Exclude all pictures, then restate the entries below word for word.

[MATERIAL PROVIDED — start]

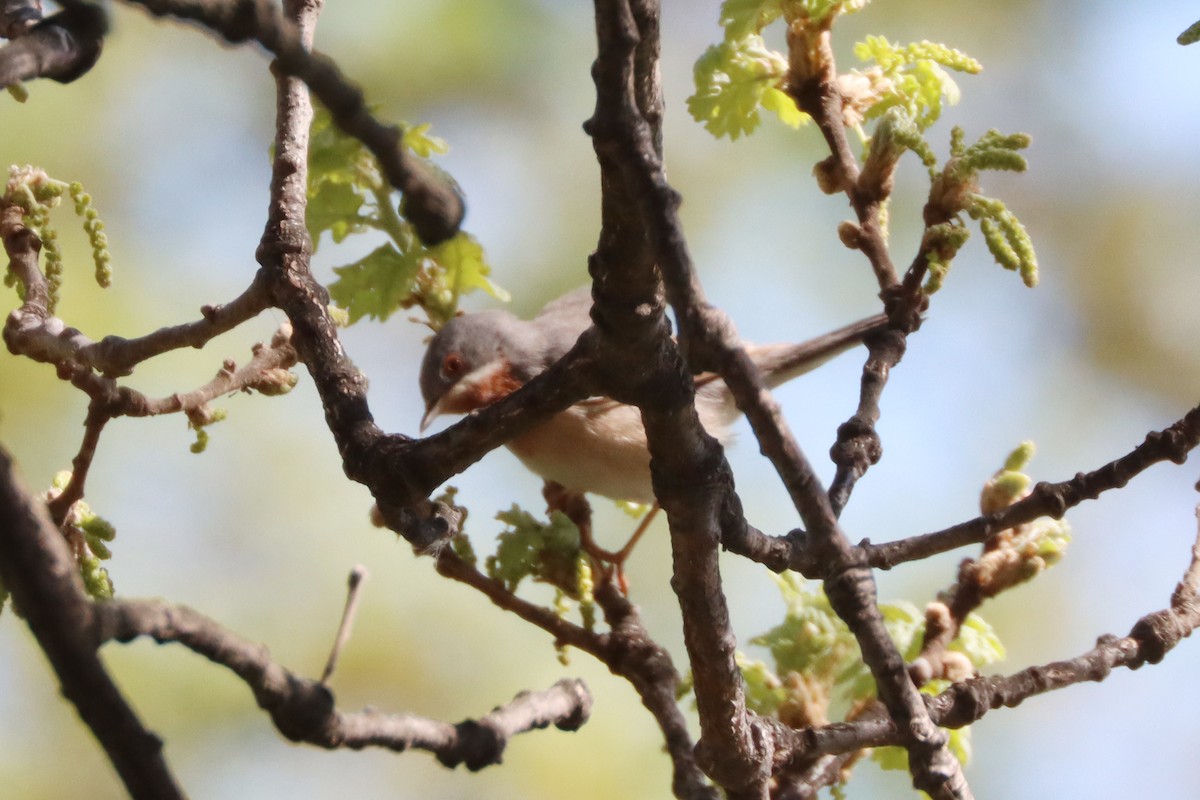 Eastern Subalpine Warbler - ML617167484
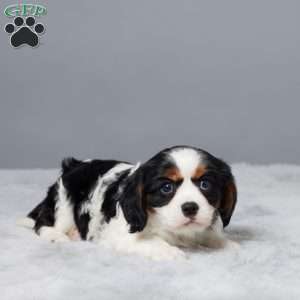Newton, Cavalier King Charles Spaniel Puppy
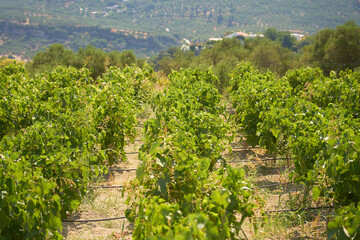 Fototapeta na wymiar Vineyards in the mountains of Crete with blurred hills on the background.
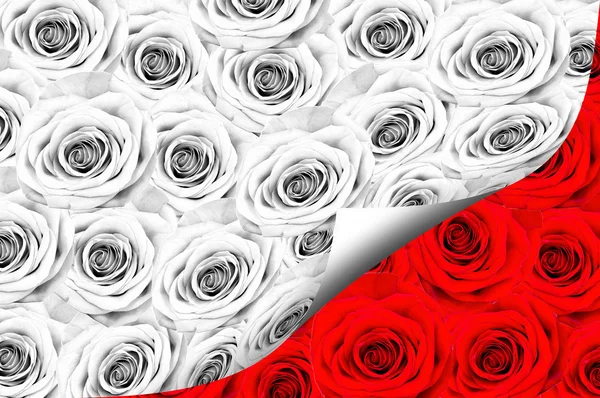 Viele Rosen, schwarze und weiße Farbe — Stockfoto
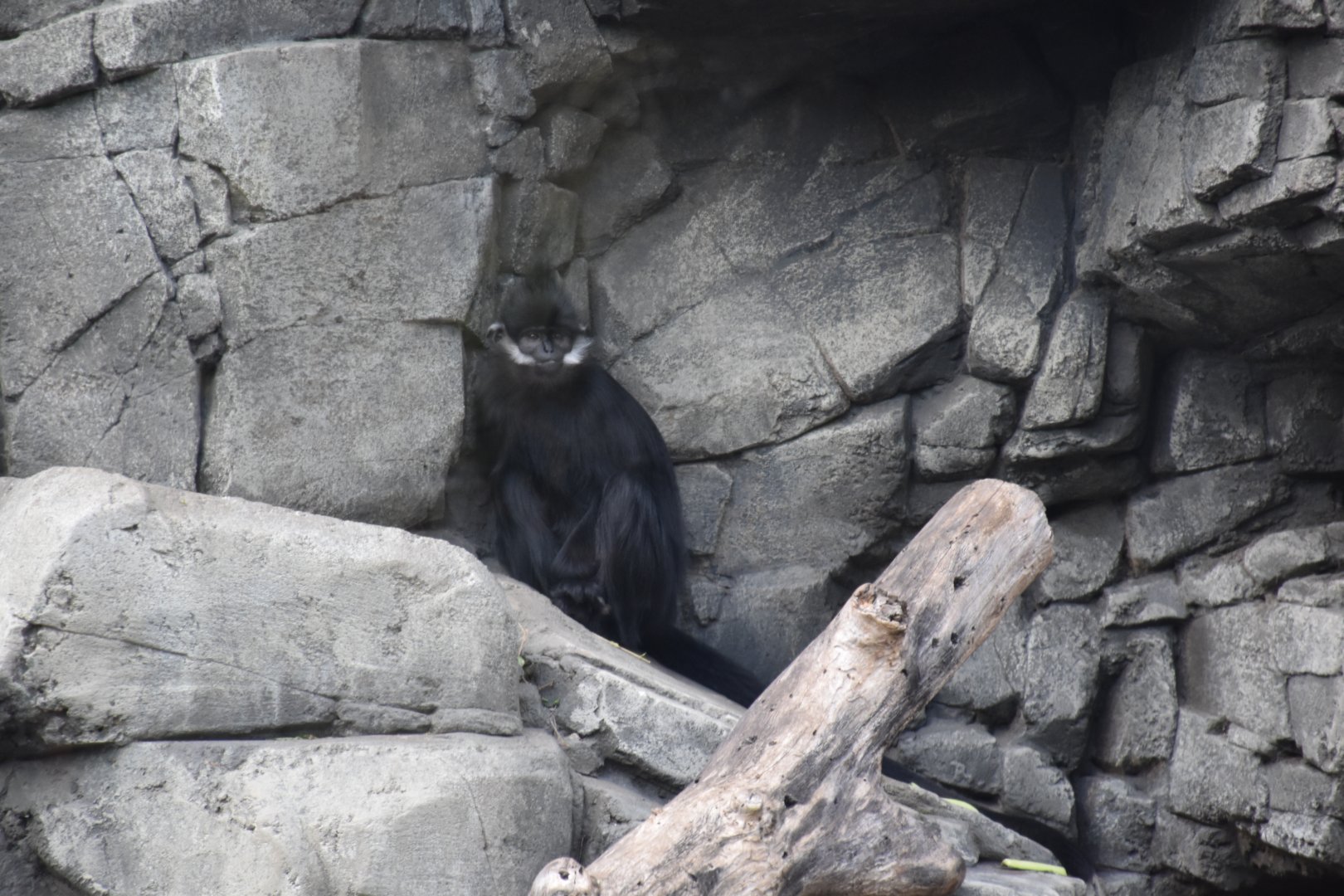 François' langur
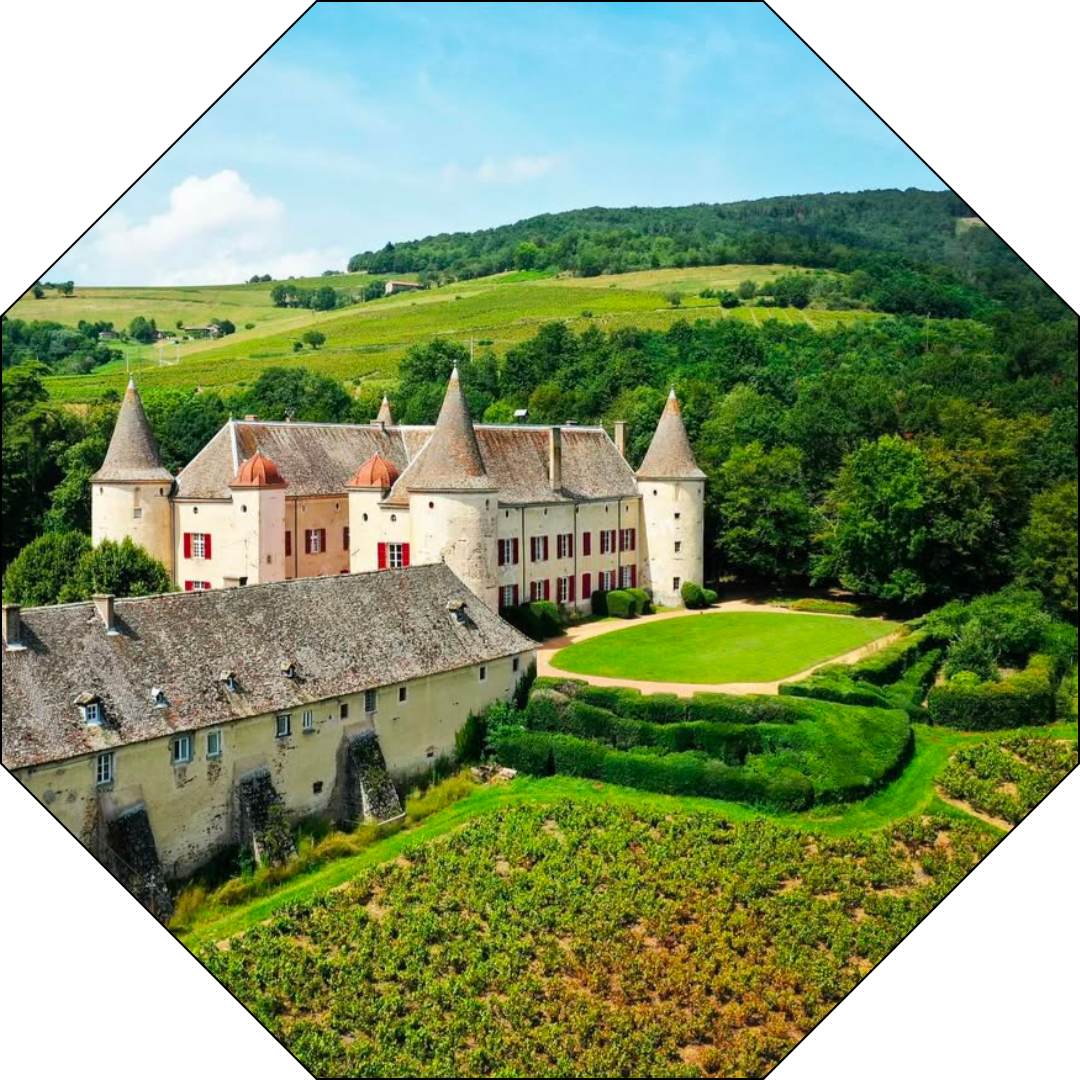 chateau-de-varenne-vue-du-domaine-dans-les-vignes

[MATERIAL PROVIDED — finish]

*EXERCISE RESPONSE*:
 Eastern Subalpine Warbler - ML617167484
Newton, Cavalier King Charles Spaniel Puppy
 Fototapeta na wymiar Vineyards in the mountains of Crete with blurred hills on the background.
 Viele Rosen, schwarze und weiße Farbe — Stockfoto
 François' langur
 chateau-de-varenne-vue-du-domaine-dans-les-vignes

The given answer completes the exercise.